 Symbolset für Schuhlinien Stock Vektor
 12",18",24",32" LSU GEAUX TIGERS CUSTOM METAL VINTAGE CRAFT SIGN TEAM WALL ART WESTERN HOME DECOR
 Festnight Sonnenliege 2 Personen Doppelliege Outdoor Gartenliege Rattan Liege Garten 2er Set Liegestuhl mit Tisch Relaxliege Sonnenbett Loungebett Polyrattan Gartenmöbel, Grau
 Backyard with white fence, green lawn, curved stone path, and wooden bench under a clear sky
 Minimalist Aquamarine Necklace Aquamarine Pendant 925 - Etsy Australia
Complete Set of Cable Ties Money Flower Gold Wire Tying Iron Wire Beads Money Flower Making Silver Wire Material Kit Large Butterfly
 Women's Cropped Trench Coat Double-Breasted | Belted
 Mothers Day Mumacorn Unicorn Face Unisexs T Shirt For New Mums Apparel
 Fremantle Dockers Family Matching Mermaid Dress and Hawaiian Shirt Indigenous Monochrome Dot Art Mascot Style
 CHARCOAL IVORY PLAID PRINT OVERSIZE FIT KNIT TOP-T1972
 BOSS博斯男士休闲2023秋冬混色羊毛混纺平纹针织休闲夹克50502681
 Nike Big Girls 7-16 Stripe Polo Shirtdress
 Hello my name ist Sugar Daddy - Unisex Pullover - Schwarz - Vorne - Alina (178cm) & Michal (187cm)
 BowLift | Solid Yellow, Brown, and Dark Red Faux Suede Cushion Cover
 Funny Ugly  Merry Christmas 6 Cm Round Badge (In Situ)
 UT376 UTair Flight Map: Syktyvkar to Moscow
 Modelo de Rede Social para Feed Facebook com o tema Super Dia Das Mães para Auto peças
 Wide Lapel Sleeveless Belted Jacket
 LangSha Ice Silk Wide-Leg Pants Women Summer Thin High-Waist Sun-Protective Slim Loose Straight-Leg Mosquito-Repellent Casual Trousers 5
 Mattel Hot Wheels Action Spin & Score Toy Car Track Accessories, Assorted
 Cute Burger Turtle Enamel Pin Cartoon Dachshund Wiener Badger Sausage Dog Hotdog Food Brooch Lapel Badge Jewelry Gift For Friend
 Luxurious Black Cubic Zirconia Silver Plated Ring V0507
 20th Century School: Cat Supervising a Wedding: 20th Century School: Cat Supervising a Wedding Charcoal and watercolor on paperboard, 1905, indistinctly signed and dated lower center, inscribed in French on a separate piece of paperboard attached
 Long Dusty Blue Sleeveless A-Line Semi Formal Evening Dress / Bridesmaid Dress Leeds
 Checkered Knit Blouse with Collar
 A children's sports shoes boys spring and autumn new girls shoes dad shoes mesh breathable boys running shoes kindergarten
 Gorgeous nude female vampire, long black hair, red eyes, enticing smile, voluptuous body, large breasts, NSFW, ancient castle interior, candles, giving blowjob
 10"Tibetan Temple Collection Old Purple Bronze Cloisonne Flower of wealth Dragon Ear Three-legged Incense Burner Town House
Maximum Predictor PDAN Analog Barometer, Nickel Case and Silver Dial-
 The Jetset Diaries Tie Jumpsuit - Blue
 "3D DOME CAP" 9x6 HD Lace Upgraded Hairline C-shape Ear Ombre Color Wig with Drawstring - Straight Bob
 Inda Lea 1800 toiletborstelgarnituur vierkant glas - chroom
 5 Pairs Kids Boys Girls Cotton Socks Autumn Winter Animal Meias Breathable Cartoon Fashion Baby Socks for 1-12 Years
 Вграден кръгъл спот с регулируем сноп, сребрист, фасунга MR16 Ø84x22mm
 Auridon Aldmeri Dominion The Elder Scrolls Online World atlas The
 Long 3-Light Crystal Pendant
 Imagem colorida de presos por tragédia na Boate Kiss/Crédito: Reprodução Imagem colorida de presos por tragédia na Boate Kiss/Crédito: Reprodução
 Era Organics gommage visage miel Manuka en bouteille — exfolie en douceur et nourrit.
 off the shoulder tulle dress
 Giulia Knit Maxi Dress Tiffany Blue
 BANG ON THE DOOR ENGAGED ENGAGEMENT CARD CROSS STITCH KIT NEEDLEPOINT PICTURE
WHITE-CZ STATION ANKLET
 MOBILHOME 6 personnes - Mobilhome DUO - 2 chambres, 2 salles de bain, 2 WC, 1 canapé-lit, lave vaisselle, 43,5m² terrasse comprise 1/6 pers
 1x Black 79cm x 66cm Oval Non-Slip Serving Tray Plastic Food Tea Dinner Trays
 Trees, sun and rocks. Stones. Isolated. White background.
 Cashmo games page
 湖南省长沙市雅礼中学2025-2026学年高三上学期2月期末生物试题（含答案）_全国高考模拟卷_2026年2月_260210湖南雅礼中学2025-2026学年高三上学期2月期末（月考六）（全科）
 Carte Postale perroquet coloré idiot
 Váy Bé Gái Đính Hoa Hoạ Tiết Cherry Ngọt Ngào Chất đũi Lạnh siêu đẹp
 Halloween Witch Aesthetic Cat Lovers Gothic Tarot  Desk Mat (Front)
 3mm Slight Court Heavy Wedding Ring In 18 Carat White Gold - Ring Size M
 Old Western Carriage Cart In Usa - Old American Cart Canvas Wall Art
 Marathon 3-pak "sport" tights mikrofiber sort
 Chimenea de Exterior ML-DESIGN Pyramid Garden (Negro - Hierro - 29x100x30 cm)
————
* _YOUR OBJECTIVE_: Scan the lines above, and whenever one holds the string "Pendant", copy it.

* _RESPONSE TO THIS EXERCISE_:
 Minimalist Aquamarine Necklace Aquamarine Pendant 925 - Etsy Australia
 Long 3-Light Crystal Pendant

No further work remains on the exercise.